This week the Department of Defense High Performance Computing Modernization Program (HPCMP) announced a new supercomputing investment for use by its engineering and research teams. The total acquisition is valued at $73.8 million, including acquisition of four supercomputing systems with corresponding hardware and software maintenance services. At 9.92 petaFLOPS, this procurement will increase the HPCMP’s aggregate supercomputing capability from 16.5 petaFLOPS to 26.4 petaFLOPS.
The acquisition of these four systems completes an historic year for the HPCMP,” said Christine Cuicchi, HPCMP associate director for High Performance Computing (HPC) centers. “We have now purchased more than $150 million of supercomputers within the 2014 calendar year. This previously unmatched expansion in capability—which nearly quintuples our pre-2014 capacity of 5.38 petaFLOPS to 26.4 petaFLOPS—will give our users another 577,000 compute cores on which to perform groundbreaking science and realize previously impossible discoveries in DOD research.”

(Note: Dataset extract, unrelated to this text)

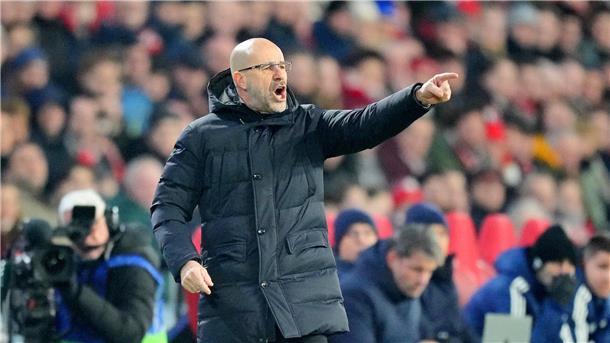 Neun Punkte Rückstand aufgeholt: PSV schnappt Ajax Titel weg Dramatische Aufholjagd gekrönt: Trainer Peter Bosz holt mit der PSV Eindhoven die Meisterschaft.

The four purchased systems will collectively provide 223,024 cores, more than 830 terabytes of memory, and a total disk storage capacity of 17.4 petabytes. This competitive government acquisition was executed through the U. S. Army Engineering and Support Center in Huntsville, Alabama, which selected systems from Silicon Graphics Federal, LLC, and Cray, Inc.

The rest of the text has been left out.